A 54-month prison sentence and an order to repay almost $6.1 million have been handed down to the ringleader in a scam to defraud the US government department that arranges scuba training for military veterans.
The guilty plea by 55-year-old Florida diver Kenneth Meers was reported on Divernet in September. He was one of six divers linked to three Georgia dive-schools who had admitted submitting false claims to the Department of Veterans Affairs (VA) over several years, billing the office up to $20,800 for each imaginary student enrolled in their classes.
The dive professionals had also misled the VA about compliance with the department’s regulations, student attendance dates and hours of instruction, and had created a fictitious scholarship programme.
Appearing before US District Court Judge Lisa Wood in Savannah on 8 December, having pleaded guilty to the charge of committing wire fraud, Meers was told that after serving his term behind bars he would be subjected to a further three years of supervised release.
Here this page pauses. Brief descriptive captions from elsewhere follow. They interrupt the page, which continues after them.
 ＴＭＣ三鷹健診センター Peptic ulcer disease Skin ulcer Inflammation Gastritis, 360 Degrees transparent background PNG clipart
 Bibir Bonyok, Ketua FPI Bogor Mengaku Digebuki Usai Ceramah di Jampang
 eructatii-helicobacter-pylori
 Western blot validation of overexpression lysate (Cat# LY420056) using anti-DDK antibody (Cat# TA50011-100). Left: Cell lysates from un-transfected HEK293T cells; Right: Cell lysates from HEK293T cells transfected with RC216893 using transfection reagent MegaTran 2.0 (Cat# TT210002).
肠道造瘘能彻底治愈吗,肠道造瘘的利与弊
There is no parole in the federal system.
Meers could have faced up to 20 years in a federal penitentiary but it is reported that his term was reduced after he had volunteered to co-operate with investigators prior to the six being charged.
A school certifying official and course director at the two Scooba Shack centres in Savannah and Richmond Hill from about May 2018 to April 2021, Meers also became a consultant at Diver’s Den in St Marys around May 2020 and an instructor there from about June 2021 to February 2022.
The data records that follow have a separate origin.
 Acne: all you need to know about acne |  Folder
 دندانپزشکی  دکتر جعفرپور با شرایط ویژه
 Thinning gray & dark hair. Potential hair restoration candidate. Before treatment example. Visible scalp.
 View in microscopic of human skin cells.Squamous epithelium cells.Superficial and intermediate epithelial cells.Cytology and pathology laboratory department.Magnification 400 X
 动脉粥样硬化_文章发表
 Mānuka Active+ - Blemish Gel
He prepared and submitted Scooba Shack’s application and course catalogue for VA approval and developed Diver’s Den’s programme, knowing that the applications contained false information. He also directed other defendants to create the fake scholarships used to mask the percentage of students receiving VA education benefits.
Scooba Shack owners Robert & Judith Lanoue have already been given six-month prison sentences and ordered to pay $3.23 million in restitution, while their employee David Anderegg was given probation and ordered to pay back $20,500.
Two other defendants, Theresa Whitlock, who operated Diver’s Den, and the centre’s director of training John Spyker still await sentencing.
“The VA administers a robust programme to provide educational benefits for those who have served their country, opening access to substantial career and enrichment opportunities for veterans,” said prosecuting US Attorney David Estes, a retired US Army colonel.
“Kenneth Meers and his co-conspirators circumvented the rules designed to protect that funding, purely for their personal enrichment, and they justly are being held accountable for their crimes.”